** Extracted entries follows **

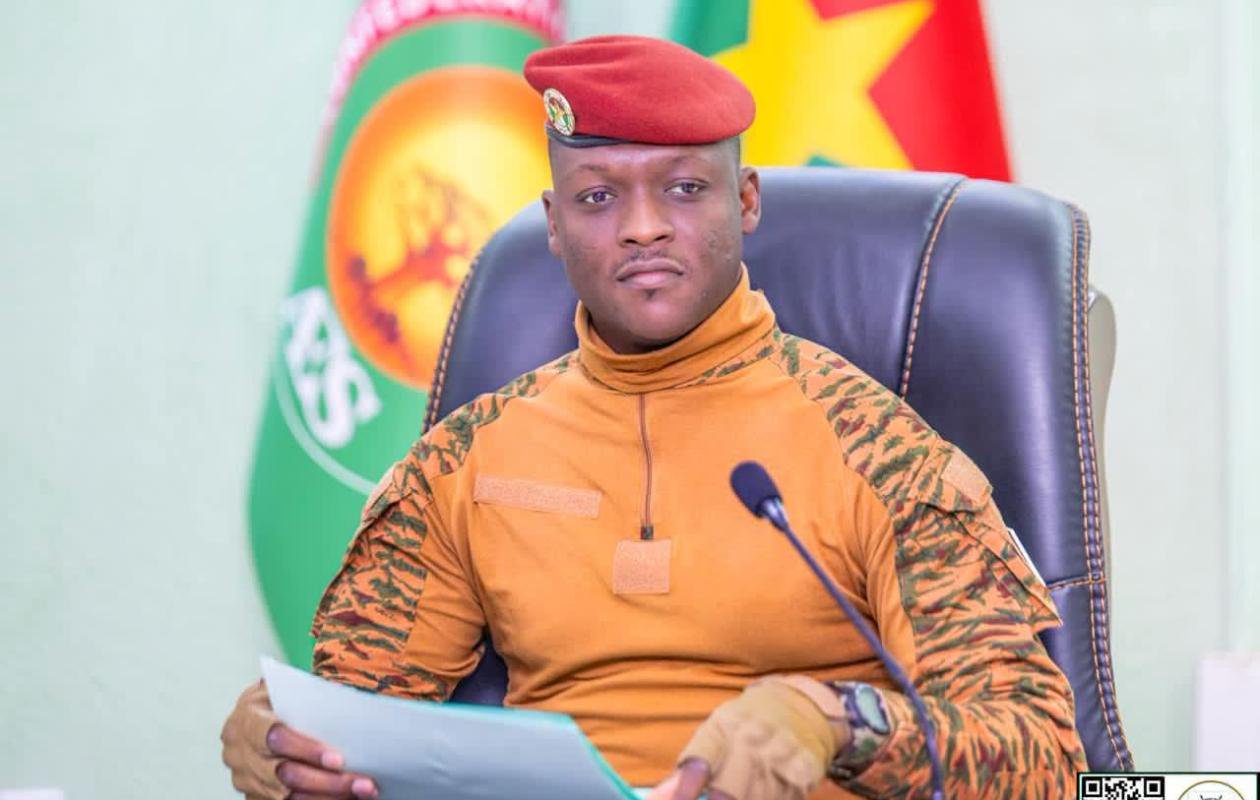 Burkina Faso : Ibrahim Traoré menace de peine de mort les personnes reconnues coupables d’espionnage ou de trahison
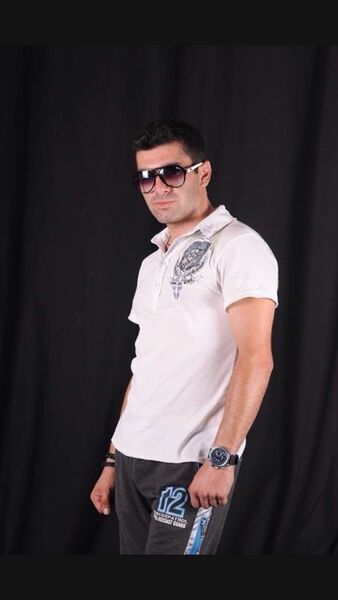  ,   Vardges, 33 ,   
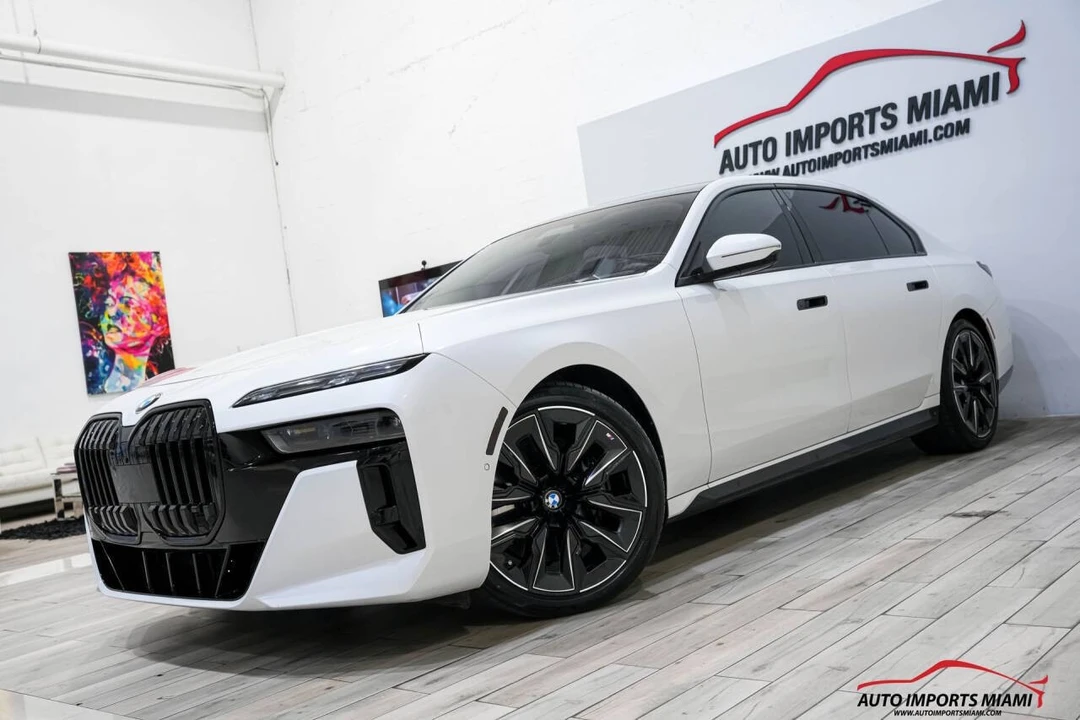 2023 BMW G70 7 Series - Image 3 of 12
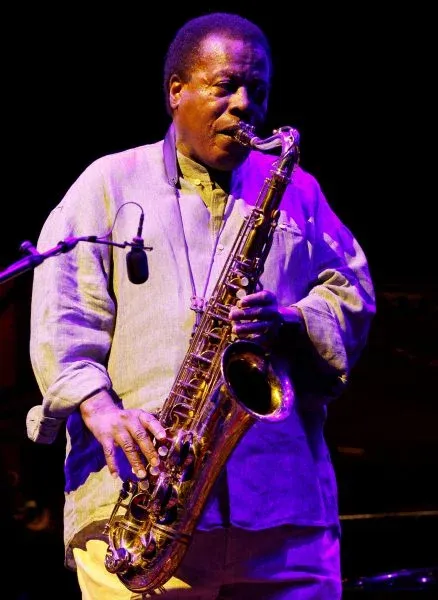 WAYNE-SHORTER-4-438x600.webp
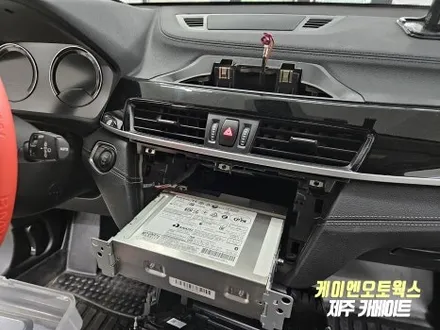 BMW 14.9인치 대형 모니터 적용 안드로이드 올인원 네비게이션 설치 작업 / 제주시 오라삼동
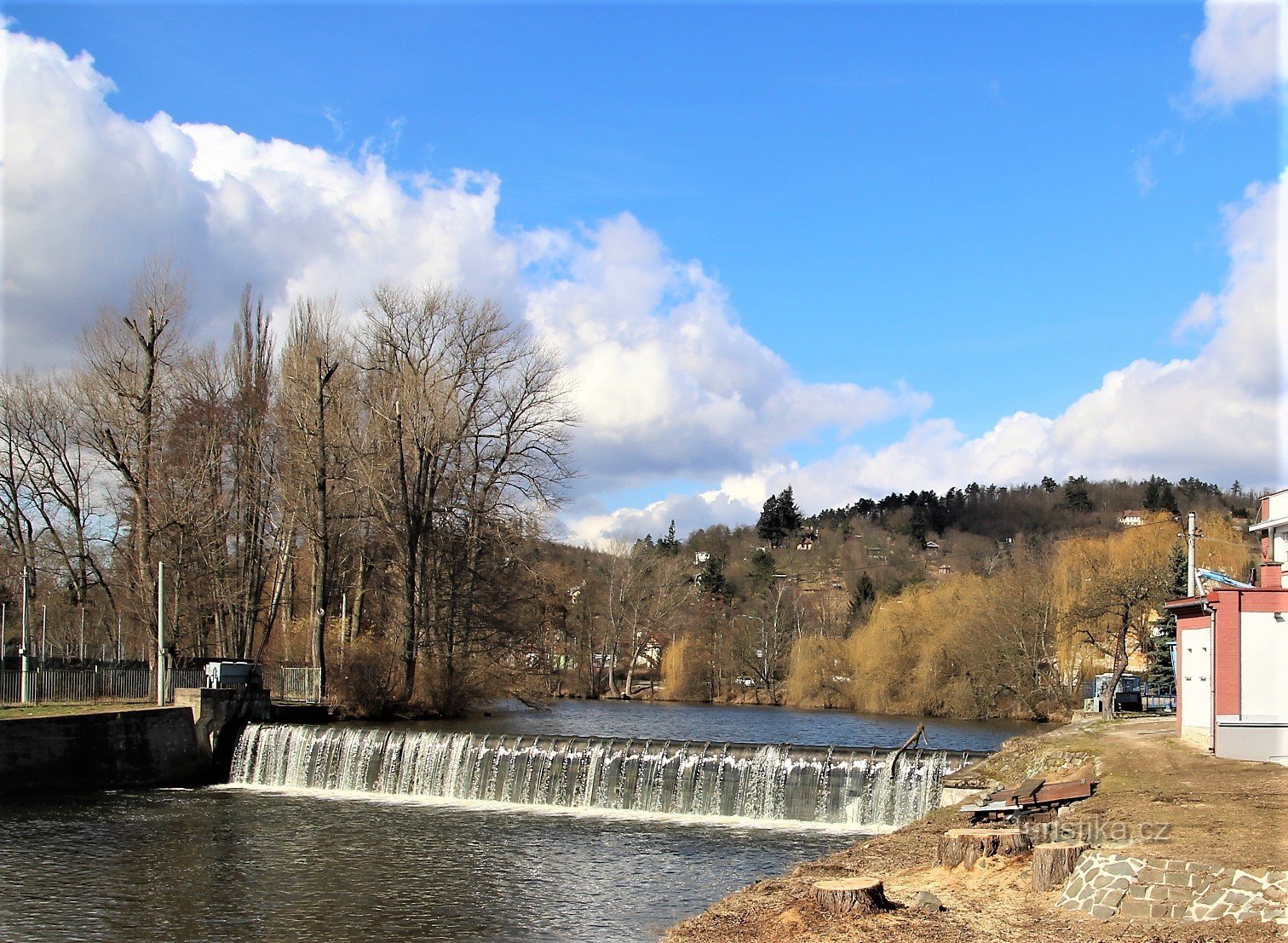 Locul evenimentului este situat deasupra barajului Komin, lângă malul râului Svratka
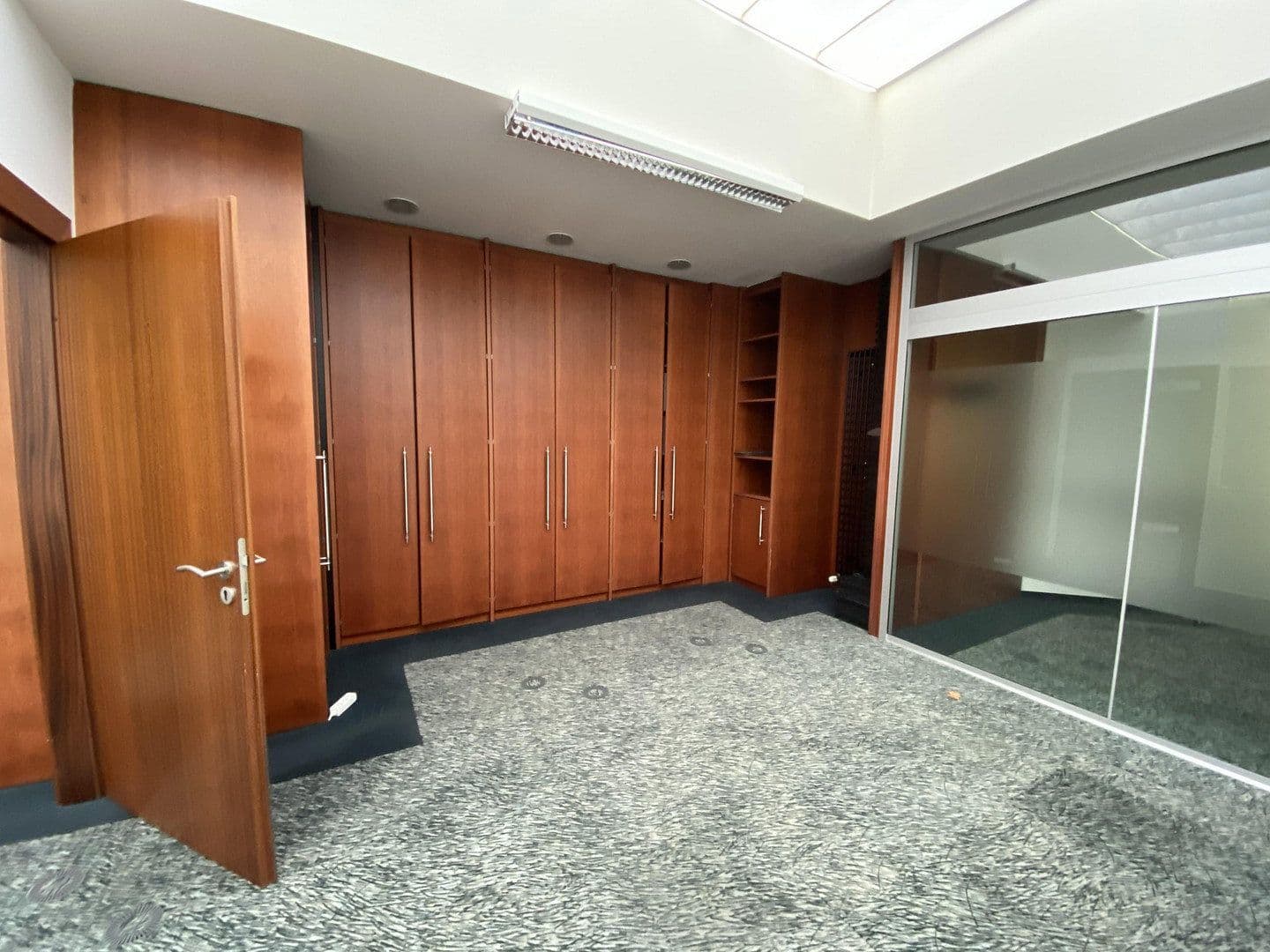office to rent, 105 m², Schwadermühlstr., 3, Cadolzburg, Bavaria office to rent, 105 m², Schwadermühlstr., 3, Cadolzburg, Bavaria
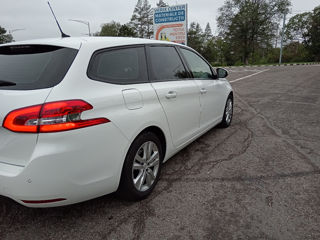 Peugeot 308 foto 8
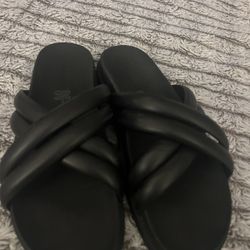 Woman’s Old Navy Sandals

** End of Extracted entries **

Your reply must hold only the lines from the line containing "2023 BMW G70 7 Series - Image 3 of 12" through the end of the records above, written out exactly, both ends included, with no pictures, please.

_Written solution_
 2023 BMW G70 7 Series - Image 3 of 12
 WAYNE-SHORTER-4-438x600.webp
 BMW 14.9인치 대형 모니터 적용 안드로이드 올인원 네비게이션 설치 작업 / 제주시 오라삼동
 Locul evenimentului este situat deasupra barajului Komin, lângă malul râului Svratka
office to rent, 105 m², Schwadermühlstr., 3, Cadolzburg, Bavaria office to rent, 105 m², Schwadermühlstr., 3, Cadolzburg, Bavaria
 Peugeot 308 foto 8
 Woman’s Old Navy Sandals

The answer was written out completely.